THE TASK
Skip the pictures. Transcribe exactly the lines from the line containing "LinkedIn banner for" to the end of the listing.

EXERCISE DATA

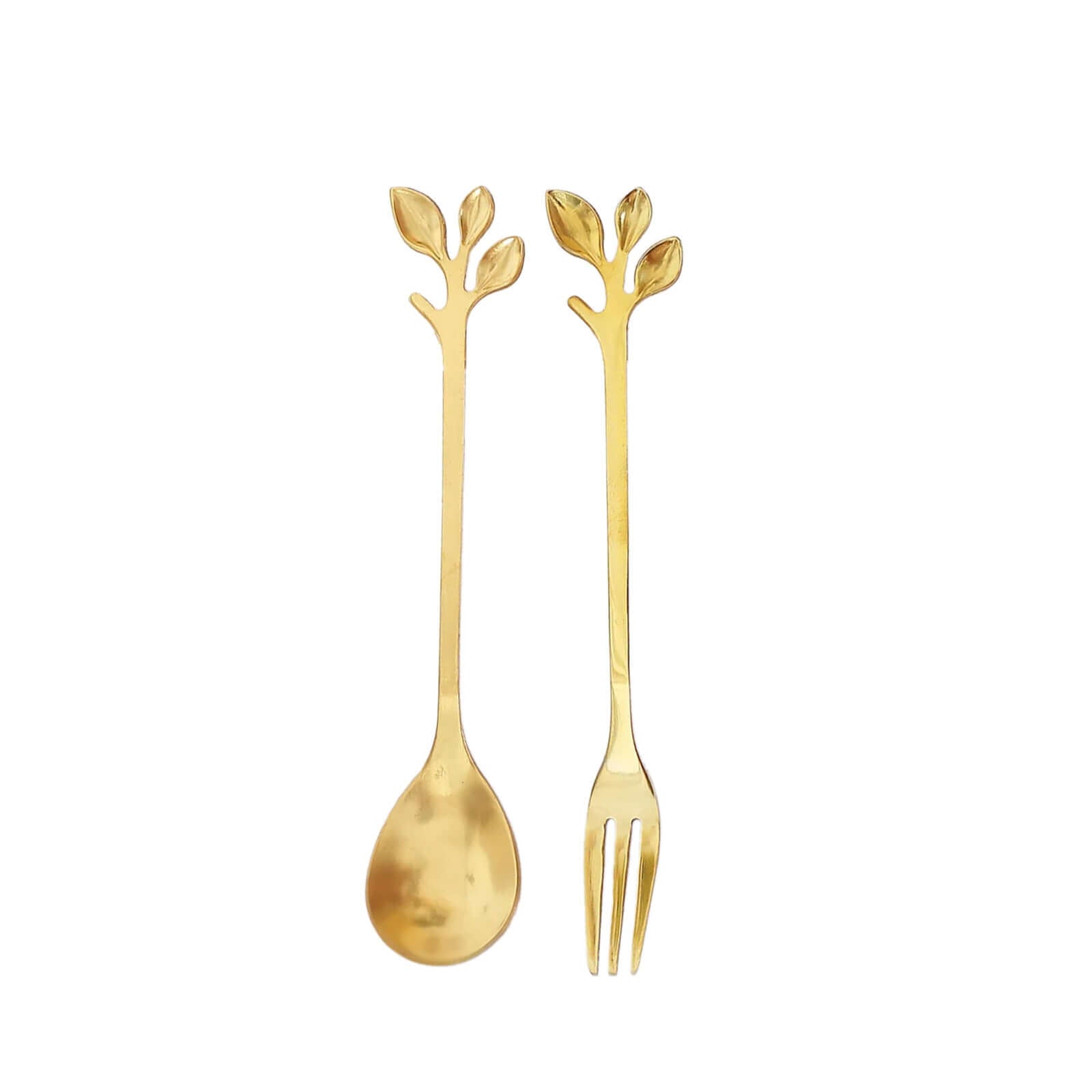 Gold Metal Spoon & Fork Pre-Packed Wedding Party Favors Set With Leaf Shaped Handle, Bridal Shower Souvenir Gift Box - 5"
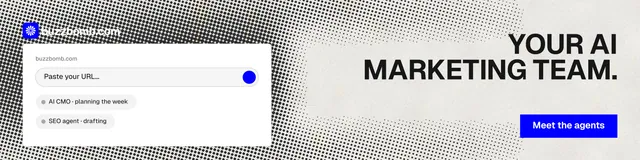 LinkedIn banner for BuzzBomb: "Your AI marketing team." Swiss style, right layout, light palette in white, grey.
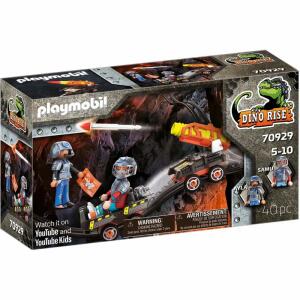playmobil DINO RISE  Dino Mine Raketenkart, für 2 Figuren, inklusive funktionsfähiger Kanone und, 2 Geschossen, Maße: 17 x 4,5 x 6-7 cm (LxTxH)., ab 5 Jahren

SOLUTION TO THIS TASK
 LinkedIn banner for BuzzBomb: "Your AI marketing team." Swiss style, right layout, light palette in white, grey.
playmobil DINO RISE  Dino Mine Raketenkart, für 2 Figuren, inklusive funktionsfähiger Kanone und, 2 Geschossen, Maße: 17 x 4,5 x 6-7 cm (LxTxH)., ab 5 Jahren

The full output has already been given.